医薬等に使われますカプセルがございます。飲み込むものです。こちらに使われますハードカプセル用の素材が私ども林原で作っていますプルランという原料が使用されております。
おかげさまで、この需要が非常に伸びてございます。こちらにお、きましては一番最初の冒頭に書いてございますがファーマメディカルが好調というのがこの分野に代表されるところでございます。
林原におきましては昨年来ご報告いたしましております通り、トレハロースの増産体制が完成し昨年秋からすでに稼働がスタートしている状況でございます。
数量的に申し上げますと、もともと販売量でございますが2016年度は36,000トンでございます。これを17年度につきましては、おおよそではございますが38,000トン強を予定しておりまして、この数量となりますと過去最大の出荷量という状況でございます。
その上にございますファイバリクサでございます。これは、まだまだ実績面では非常に小さいものでございますが、今後に期待する将来の主力商品というものでございまして昨年より国内におきまして実際の販売がスタートしたところでございます。
今年は倍増もしくは、それ以上の量を予定しております。これらの商品は少しレギュレーション等々での海外の販売活動に、まだ時間がかかっておりますが、ぜひ力を入れていきたいと思っております。
ナガセケムテックスの状況
ケムテックスでございます。これは昨年の秋にご報告申し上げました。非常に堅調に推移いたしておりますエポキシ樹脂が大変好調に推移しております。
また利益面におきましても、全社的な原価低減活動が功を奏し増収増益。営業利益におきましては29億円。前期比162パーという状況になっております。
つい今般も報告いたしましたが、右下にございます通り将来の糧といたしましての技術を導入するために、シロキサンという技術に長けておりますフィンランドにございますInkronという会社の子会社化も決定いたしております。
連結賃借対照表
貸借対照表に移らせていただきます。年度のおしまいの時期の2月と3月。これ全社的に身動きが非常に活発になりました。その影響で若干の売掛債権の増加がございます。
また固定資産につきましては、主に保有株式の時価上昇により、またこれも増加いたしております。
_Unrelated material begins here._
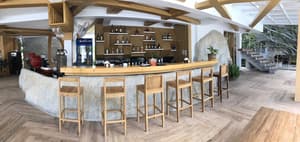 thumbnail: Bar (on property)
結果的に自己資本比率は、1.2ポイントの増加で54.7パーセントとなってございます。
連結キャッシュ・フロー
キャッシュ・フローでございます。これは営業キャッシュ・フロー145億プラス。投資キャッシュ・フローは65億のマイナス。財務キャッシュ・フローで105億でございまして、結果全体として31億円の資金の減少という状況にございます。
昨年来、私どもはワーキング・キャピタルの圧縮に会社をあげて取り組んでおります。結果として建替え期間等々の改善はありましたが、先ほど申しました通り、売掛債権の増等が次のページより、運転資金の増減で示ししているところでございます。
運転資金の増減
続きまして2018年3月期の見通しをご報告申し上げます。同じく赤の列が対象の数字でございます。7,320億円の売上。これは前期比101パーでございます。
2018年3月期通期 業績見通し
営業利益191億円。これは127パーセントでございます。当期純利益125億円。これは121パーセントとなります。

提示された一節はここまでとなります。